The case in point is Don’t Think of an Elephant!, the New York Times best-seller Lakoff wrote in five weeks last summer. In it, Lakoff argues that Republicans have spent the last 40 years embracing the values of their hardest-core supporters. They win elections because people in the political center find these values compelling absent a clear alternative from Democrats. (Lakoff believes swing voters are people who subscribe to both strict father and nurturant parent models, depending on the situation. The party that succeeds is the party whose moral system gets elevated in the minds of these voters.) “The conservatives do not move at all to the left, and yet they win!” Lakoff writes.

According to Don’t Think, Democrats should embrace the nurturant parent values of their most loyal supporters the same way Republicans have embraced strict fatherhood…

One obvious flaw in this recommendation is that it presumes a majority of Americans are nurturers by, well, nature…

The bigger problem with Lakoff’s advice is that it conflicts with recent history–even his own reading of it. As Lakoff explains in his books, both Clinton in 1992 and Bush in 2000 projected centrist values through their choice of rhetoric and policy. Clinton appealed to nurturers on the left by underscoring government’s obligation to give everyone a shot at the good life (hence Clinton’s support for education spending and national health care). But, for the strict fathers on the center-right, the message was that people had to earn that shot (hence Clinton’s support for welfare reform, his tough stance on crime, and his rewards, such as college scholarships, to people who “work hard and play by the rules”). Clinton’s 1992 campaign themes–hope, opportunity, responsibility–amounted to an affirmative statement of largely nurturant values that nonetheless vanquished the image of Democrats as moral relativists, permissive liberals, and effete cultural elites, everything strict fathers detest.

Likewise, in 2000, Bush invoked compassionate conservatism to appeal to both strict fathers on the right and nurturers on the center-left.
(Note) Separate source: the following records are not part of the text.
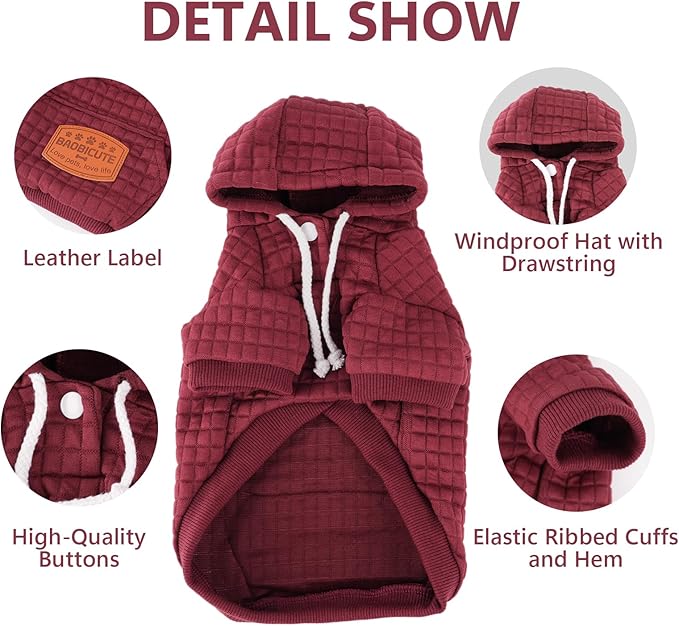 2 Pack Dog Hoodie Sweaters for Small Medium Dogs Warm Dog Clothes for Large Dogs Soft Waffle-Like Laminated Sweatshirt Bulldog (Brown+Wine Red, L (Back: 19",Chest: 28", Neck: 17.5"))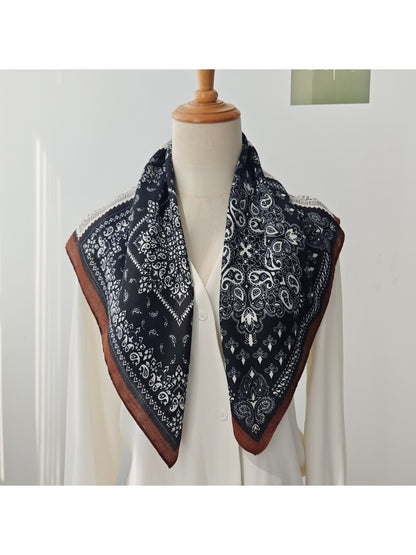 Scarvii - 27'' Paisley Patchwork Square Scarf - Vintage & Elegant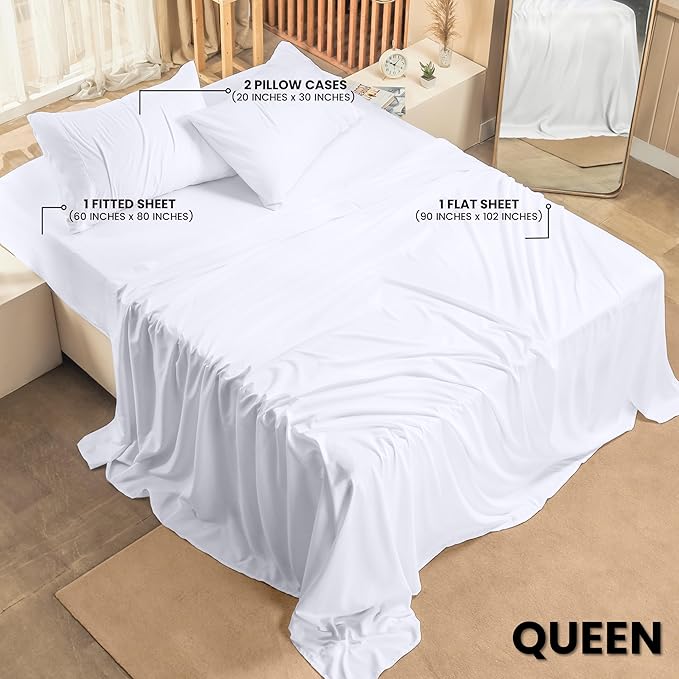 Utopia Bedding Queen Sheet Set 4 Piece Bed Sheets for Queen Size Bed, Hotel Luxury, Extra Soft, Cooling Bed Sheets - Wrinkle, and Fade Resistant (White)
For the right, there were tax cuts, the death penalty, and an end to foreign policy as social work. For the center-left, there was education spending, government-subsidized prescription drugs, immigration reform, and lots of photo-ops of Bush with black children. Bush’s faith-based initiative actually appealed to both groups–to strict fathers who wanted to reduce government spending on social programs and to nurturant parents who believed in helping the poor. In a sort of mirror image of Clinton, Bush’s 2000 campaign highlighted his strict father credentials while expelling the image of Republicans as nasty and mean–which is to say, hostile to nurturing.

And when people try to figure out what Lakoff’s advice means, they invariably take it as an excuse to move left and deploy buzzwords, which is not going to work:

Among the activists and donors who form the Democratic Party’s base–and who can exert enormous influence over party strategy–Lakoff’s name has also become synonymous with tacking left substantively while deploying more artful rhetoric. Jon Cowan, the president of a new centrist Democratic advocacy group called Third Way, has spent the last several months in and out of meetings with high-powered donors. (Full disclosure: The New Republic will be co-hosting a foreign policy retreat with Third Way this fall.) Cowan told me that Lakoff comes up in almost every conversation he has in these settings. “When we say our mission is to modernize the progressive cause–you get those words out–and the first thing everyone says is, ‘Oh, have you read Lakoff?’ It comes up in every meeting you’re in.” Cowan says that what these donors have in mind when they cite Lakoff is, “If we had a little bit better language, buzzwords, it would all work out OK.”

This is technically a misreading of Lakoff, who denounces the preoccupation with buzzwords. “One of the major mistakes liberals make is that they think they have all the ideas they need. They think that all they lack is media access. Or maybe some magic bullet phrases,” he writes in Don’t Think. “When you think you just lack words, what you really lack are ideas.” But, by promoting the idea that Democrats can win without any substantive concessions to the political center, Lakoff essentially invites this interpretation.